I'm a real math newbie (I'm an English graduate; please be gentle). I'm building a webapp which allows users to manipulate an image, a little like Photoshop. The app needs to swap out the base image with a pre-rendered one depending on what settings the user chooses.
Currently we're trying to figure out how many editing controls there can be without having to create an infinite number of images. Right now I've been thinking of seven controls, eg:
- Exposure
- Noise
- Pressure
- (etc)
Even a rank amateur like me can see that seven of these fields will produce many permutations: at the moment I'm thinking of them as being binary inputs, eg. Exposure can either be on or off (therefore producing two distinct images), as opposed to a scale (eg. Exposure: 2, Noise: 4 etc).
With 7 field options, each with two states, that's 14 sample points in the set and 7 sample points in each permutation, right? I've been using this tool to help me wrap my head around the problem – it's saying there are 3432 combinations (or 17,297,280 permutations... yikes). Am I calculating this properly?

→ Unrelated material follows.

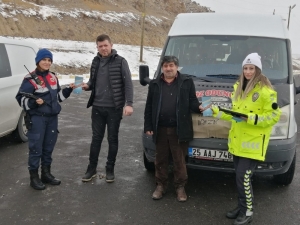 Köprüköy’de Jandarma Ve Polis Ortak Trafik Uygulaması Yaptı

Alternatively, reading this question, it feels simpler. If I represent my switches like so:
Exposure 0 1
Noise 0 0
Pressure 0 0
XQ Mix 0 0
Invert 0 0
Desaturate 0 0
Equalise 0 0 ... etc
... then in effect I'm generating 7 digit numbers with 2 different possible values ($0$ and $1$) per digit, eg. $2^7$ (128 possible images). Is this right, or is my above methodology correct?